* **WHAT YOU NEED TO DO**
Repeat each entry as written and leave the images out of the copy.

Caption-style text data

__________

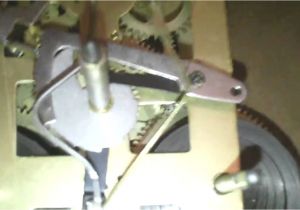 How to Fix An Overwound Clock Fixing My Old Wind Up Clock Youtube
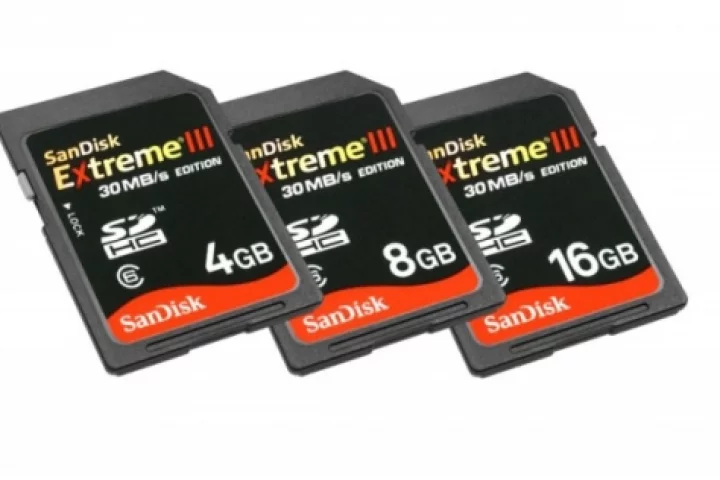The SanDisk Extreme III 30MB/s Edition SDHC cards allow users to record 39 images in continuous shooting mode at 4.5 frames per second, in the 6.0 MB JPEG L Fine format.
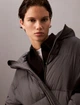 Куртка зимняя короткая женская Calvin Klein (887260563672) L серая - изображение 5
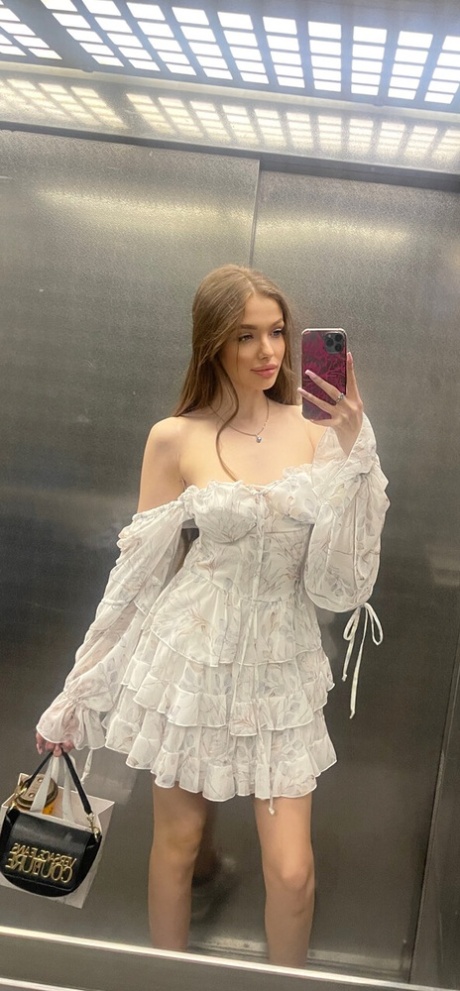 OnlyFans Lolly Kiss featuring Lolly Kiss Adult content Pics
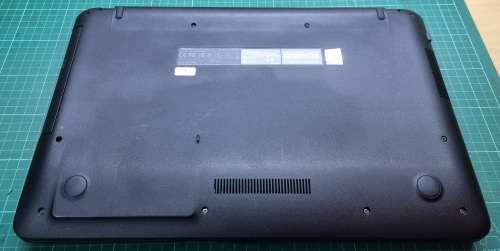Asus Vivobook Intel Core i5-8250U 8th Gen 4GB Ram 500GB HDD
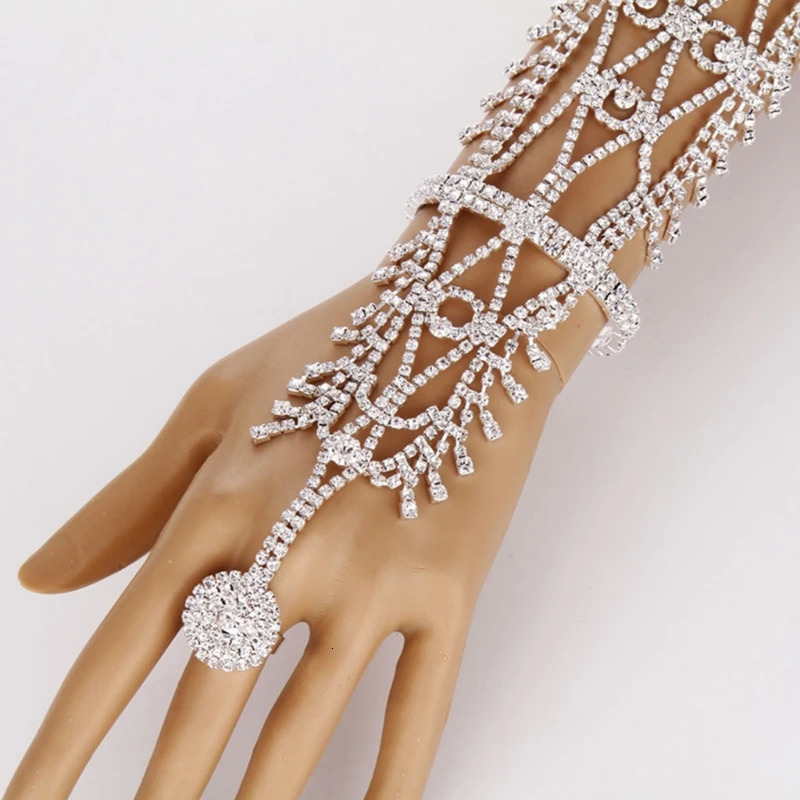 Women Tassels Arm Cuff Armlet Bracelet and Ring Wedding Bride Leaves Fringe Jewelry Hand Chain Bangle Belly 94PA 231220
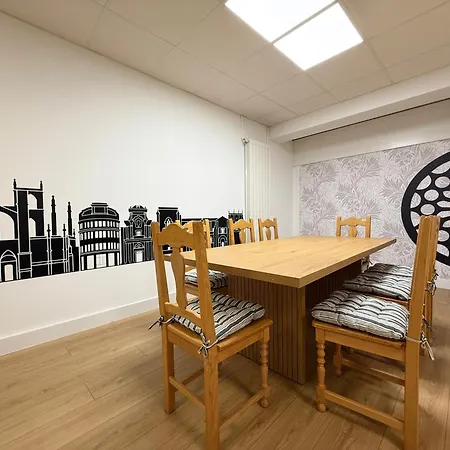 Mk77 House Holiday home Leon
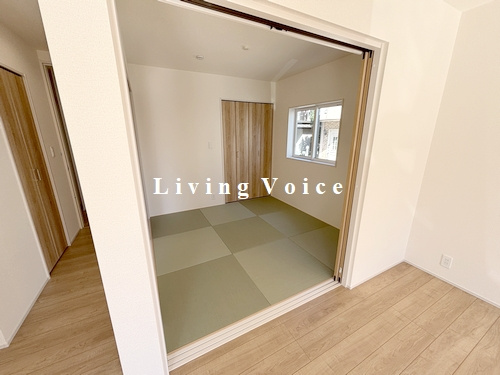 【居間・リビング】 | 【仲介手数料０円】相模原市南区相模台6丁目2期　新築一戸建て　全2棟 | 相模原市南区相模台6丁目2期　新築一戸建て　全2棟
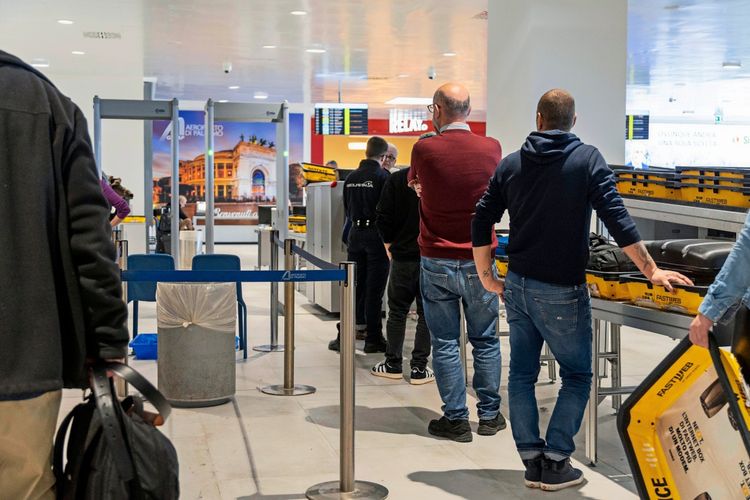 Was Darf Nicht Durch Die Sicherheitskontrolle Am Flughafen www.derstandard.at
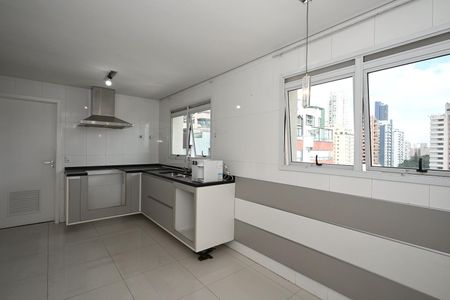 Apartamento à venda com 220m², 3 quartos e 4 vagasCozinha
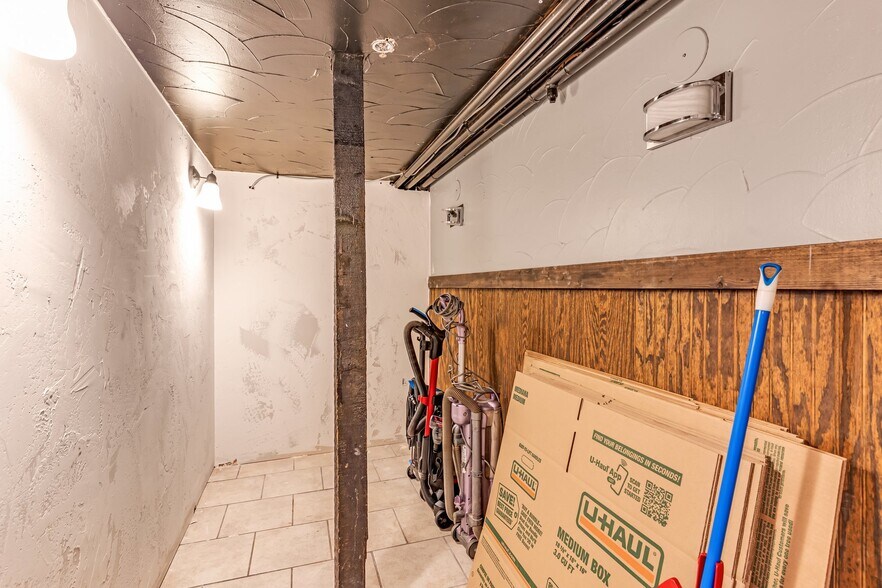 More Photos Of 224 S Union Ave, Pueblo Restaurant For Sale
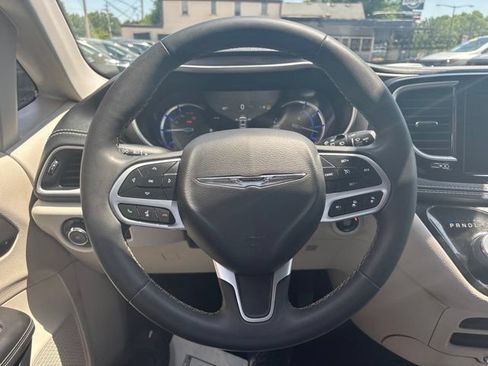 Used 2022 Chrysler Pacifica Touring-L FWD image 10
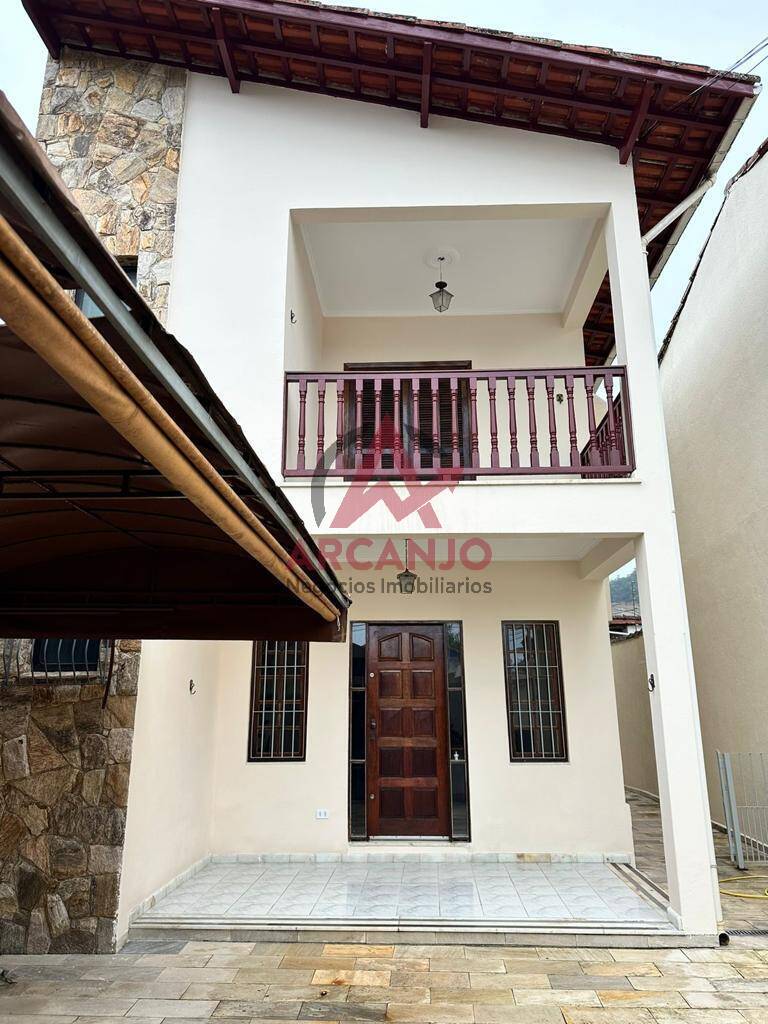 Casa à venda com 4 quartos, 180m² - Foto 2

__________

* **WORKED SOLUTION**
 How to Fix An Overwound Clock Fixing My Old Wind Up Clock Youtube
The SanDisk Extreme III 30MB/s Edition SDHC cards allow users to record 39 images in continuous shooting mode at 4.5 frames per second, in the 6.0 MB JPEG L Fine format.
 Куртка зимняя короткая женская Calvin Klein (887260563672) L серая - изображение 5
 OnlyFans Lolly Kiss featuring Lolly Kiss Adult content Pics
Asus Vivobook Intel Core i5-8250U 8th Gen 4GB Ram 500GB HDD
 Women Tassels Arm Cuff Armlet Bracelet and Ring Wedding Bride Leaves Fringe Jewelry Hand Chain Bangle Belly 94PA 231220
 Mk77 House Holiday home Leon
 【居間・リビング】 | 【仲介手数料０円】相模原市南区相模台6丁目2期　新築一戸建て　全2棟 | 相模原市南区相模台6丁目2期　新築一戸建て　全2棟
 Was Darf Nicht Durch Die Sicherheitskontrolle Am Flughafen www.derstandard.at
 Apartamento à venda com 220m², 3 quartos e 4 vagasCozinha
 More Photos Of 224 S Union Ave, Pueblo Restaurant For Sale
 Used 2022 Chrysler Pacifica Touring-L FWD image 10
 Casa à venda com 4 quartos, 180m² - Foto 2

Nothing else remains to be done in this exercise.